MILANO, 3 febbraio 2014 - Spremuti dalle tasse. Che spuntano dietro ogni atto della nostra vita (dal lavoro alla casa, dal pieno di benzina alle bollette di luce e gas) e di cui spesso non sappiamo che fine fanno. Perché non sempre un’imposta o una multa stradale viene utilizzata per lo scopo per cui è stata introdotta. E viene assorbita da una spesa pubblica che ha ormai superato gli 800 miliardi. Il caso più eclatante rimane quello delle accise sulla benzina che versiamo ancora come contributi per una lunga serie di tragedie nazionali dal disastro del Vajont all’alluvione di Firenze, i terremoti in Belice, Friuli e Irpinia, missioni internazionali in Bosnia e Libano e, andando indietro nel tempo, persino la guerra d’Etiopia del 1935. Accise mai cancellate che assicurano complessivamente all’Erario, compresa l’Iva al 22%, un incasso annuo dai carburanti che nel 2013 è stato di circa 35,5 miliardi. Uno in meno, per il calo dei consumi di benzina e gasolio, rispetto al 2102, ma, avverte Gian Primo Quagliano, presidente del Centro Studi Promotor, già a partire da marzo sono previsti nuovi aumenti delle accise che da qui al 2017 faranno lievitare le entrate fiscali di 1,3 miliardi.

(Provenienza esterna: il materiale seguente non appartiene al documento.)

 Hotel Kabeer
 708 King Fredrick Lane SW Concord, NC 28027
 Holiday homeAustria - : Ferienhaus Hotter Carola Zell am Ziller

Misteriose anche le altre imposte che gravano sulle quattro ruote. Nel 2012, secondo i calcoli dell’Anfia, la filiera dell’automotive ha versato allo Stato 72,73 miliardi compresi i 6,6 del bollo incassato dalle Regioni. Secondo uno studio della Fondazione Luigi Guccione, il ‘tesoretto’ delle multe, che vale circa 2 miliardi l’anno (1,6 dalle polizie locali e 400 milioni da quelle nazionali), non viene utilizzato, come prevede il codice della strada, riservando il 50% degli incassi per migliorare la sicurezza, la segnaletica, le strade e i controlli. Tanto che, denuncia sempre la Fondazione, tra il 2006 e il 2010 lo Stato ha speso in media solo 30 milioni l’anno per la sicurezza stradale. Un altro mistero, con relativa denuncia sempre della Fondazione Guccione, riguarda il contributo (10,5%) sulla Rc Auto per il rimborso al Servizio sanitario nazionale (che insieme con le imposte sulle polizze assicurano a Stato ed enti locali oltre 4 miliardi ) che andrebbe destinato alle vittime della strada. Ma la richiesta di avere dati sull’uso di questi fondi avrebbe incontrato, da anni, con un rimpallo tra ministeri (dalla Salute all’Economia) un vero e proprio muro di gomma. E da quest’anno il contributo al Ssn non si può più dedurre dalle imposte.

Curioso è anche il destino della nuova tassa di soggiorno inventata per rimpinguare le esauste casse dei Comuni. Introdotta per finanziare il patrimonio storico-culturale e migliorare l’offerta turistica, in realtà verrebbe utilizzata anche per altri scopi. A Venezia, per esempio, come riportava qualche tempo fa il quotidiano Il Gazzettino, nel 2013 figuravano nel bilancio comunale 270mila euro usati per il «costo del personale del servizio cerimoniale».

L’elenco potrebbe allungarsi con le voci nascoste nelle bollette di luce e gas (per cui finanziamo anche le aziende energivore piuttosto che i bonus sociali per le famiglie a basso reddito) o quelle dell’acqua, dove per anni c’è chi ha versato il canone per la depurazione anche se mancavano le fognature e per cui, ricorda Rosario Trefiletti, presidente di Federconsumatori, si può ottenere il rimborso del maltolto.

Il problema, chiosa Pasquale Mirto, dirigente comunale del settore tributi dell’Unione dei Comuni modenesi dell’area nord, è che sono pochissime le tasse per cui la legge prevede una stringente finalizzazione. Le locali si limitano a quella sui rifiuti, all’imposta di scopo per realizzare opere pubbliche e a quella di soggiorno. Il resto finisce nel calderone dei bilanci. E così continuiamo a pagare sempre più imposte senza mai sapere il perché.